Умер, бедняга! В больнице военной Долго родимый лежал: Эту солдатскую жизнь постепенно Тяжкий недуг доконал… Рано его от семьи оторвали: Горько заплакала мать, Всю глубину материнской печали Трудно пером описать! С невыразимой тоскою во взоре Мужа жена обняла; Полную чашу великого горя Рано она испила. И протянул к нему с плачем ручонки Мальчик-малютка грудной… … Из виду скрылись родные избенки, Край он покинул родной. В гвардию был он назначен, в пехоту, В полк наш по долгом пути; Сдали его в Государеву роту Царскую службу нести…

Великий князь и не знал, что его «длинное солдатское стихотворение» поется народом. Он попросил подойти дирижера, который был и руководителем хора. Звали его Григорий Николаевич. Этот Григорий Николаевич узнал в лицо Его Императорское Высочество, знал он и то, что «Беднягу» написал Великий князь.

— А чья музыка? — спросил поэт.

— А что музыка?… Народ сам запел, — ответил дирижер.

* * *

Минуло пять лет со дня его свадьбы с принцессой Елизаветой Саксен-Альтенбургской.

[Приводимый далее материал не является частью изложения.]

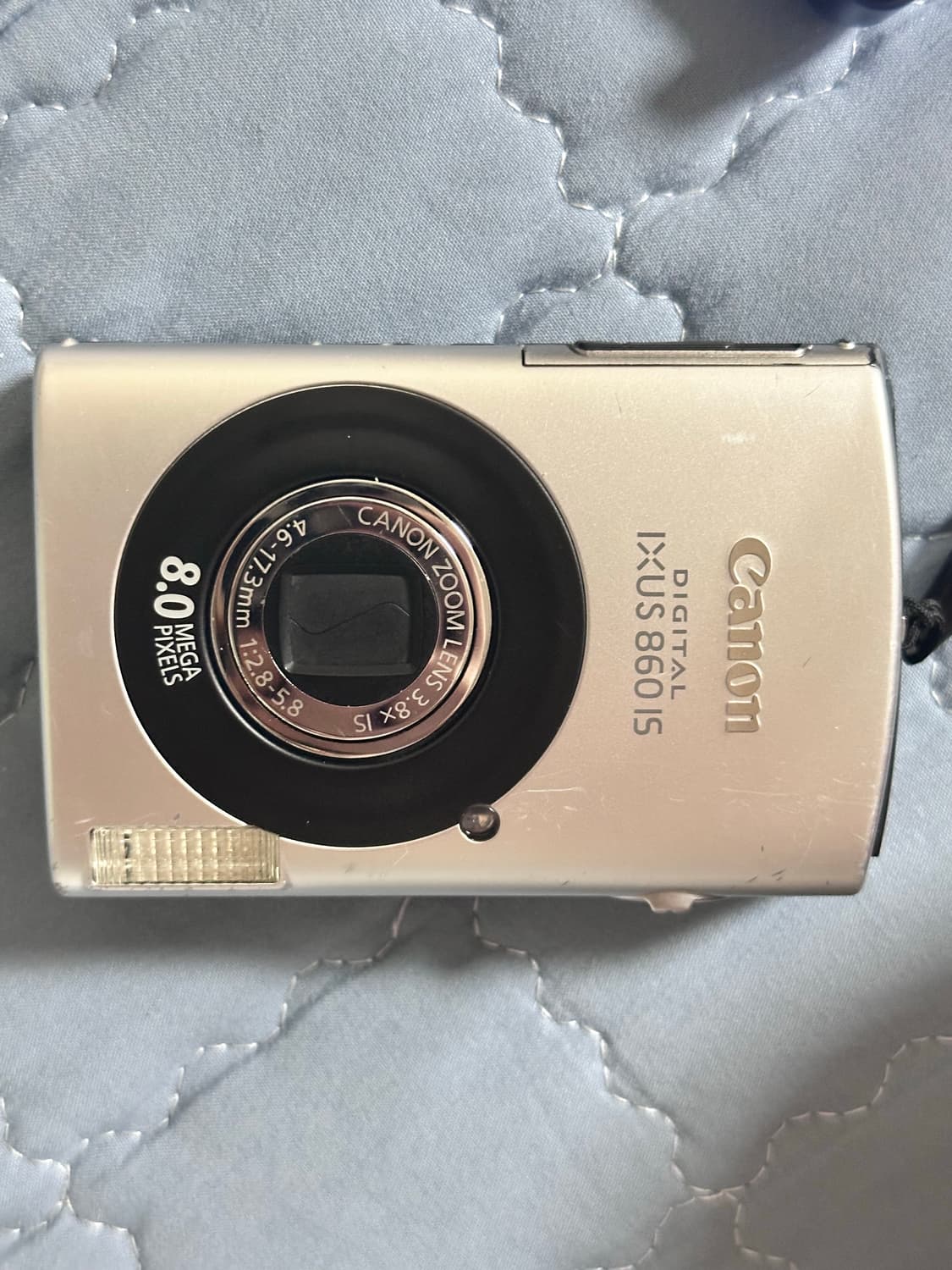 캐논 익서스 860 is (ixy 910) 상품이미지3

Константин Константинович привез жену к ее родным в Альтенбург погостить, а сам должен был возвращаться в Россию. Прощаясь с Альтенбургом, он задержался в комнате, где всегда, приезжая, жил. Тот же вид из высокого окна, тот же письменный стол, за которым он написал стихи, заслужившие ему известность: «Распустилась черемуха в нашем саду…», «Колокола», а также стихотворение «Растворил я окно…», которое останется шедевром во все времена.

Растворил я окно, — стало грустно невмочь, — Опустился пред ним на колени, И в лицо мне пахнула весенняя ночь Благовонным дыханьем сирени. А вдали где-то чудно так пел соловей; Я внимал ему с грустью глубокой И с тоскою о родине вспомнил своей; Об отчизне я вспомнил далекой, Где родной соловей песнь родную поет И, не зная земных огорчений, Заливается целую ночь напролет Над душистою веткой сирени. (13 мая 1885)

Пока же поэт стоит на пороге комнаты, в которой создал свой шедевр. Весна, тепло, и солнце светит так ярко. Все так же, как тогда, но ему кажется, что ничего больше он написать не сможет.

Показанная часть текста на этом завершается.